The foregoing constitutes the decision of the court. The matter is placed on the court's calendar for conference on January 14, 2010 at 9:30 a.m. to address all outstanding issues. Adjournments are only granted with leave of the court.

Counsel for the objectants is directed to submit a decree on notice within ten (10) days consistent with this decision.

The foregoing constitutes the decision of the Court.

Dated:Poughkeepsie, New York

December 7, 2009

ENTER

HON. JAMES D. PAGONES, S.C.J.

TO: Footnotes

Footnote 1:This is obviously a mistake as the attorney had earlier stated and the record supports that decedent would have been physically incapable of reading his will aloud.
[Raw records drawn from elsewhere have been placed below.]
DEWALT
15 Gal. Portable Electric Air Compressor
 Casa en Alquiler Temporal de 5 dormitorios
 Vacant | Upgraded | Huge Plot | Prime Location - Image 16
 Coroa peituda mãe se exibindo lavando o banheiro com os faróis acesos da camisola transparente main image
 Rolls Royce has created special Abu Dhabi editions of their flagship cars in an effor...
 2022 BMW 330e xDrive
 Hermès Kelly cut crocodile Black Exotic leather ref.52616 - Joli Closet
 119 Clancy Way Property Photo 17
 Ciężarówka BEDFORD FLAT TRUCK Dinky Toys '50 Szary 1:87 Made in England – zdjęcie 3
Footnote 2:Notably, on April 4, 2007, within a two-hour time period, Daria Stachiw, acting pursuant to decedent's health care proxy, executed a DNR; requested of the medical staff that decedent execute legal documents; received an opinion from the medical staff that decedent was competent to execute legal documents; and was present when decedent purportedly executed a power of attorney naming her as attorney-in-fact and purportedly executed a will naming her as sole beneficiary.

Footnote 3:There is no indication in the record why Steve Williams, the second attesting witness, was not deposed.

Footnote 4:Ms. Wentworth stated that Daria Stachiw may have stepped out momentarily (id. at pp 9-10).

Footnote 5:Indeed, the court's decision could not have contemplated the other execution objections as the attesting witnesses had not yet been deposed at the time the decision was rendered.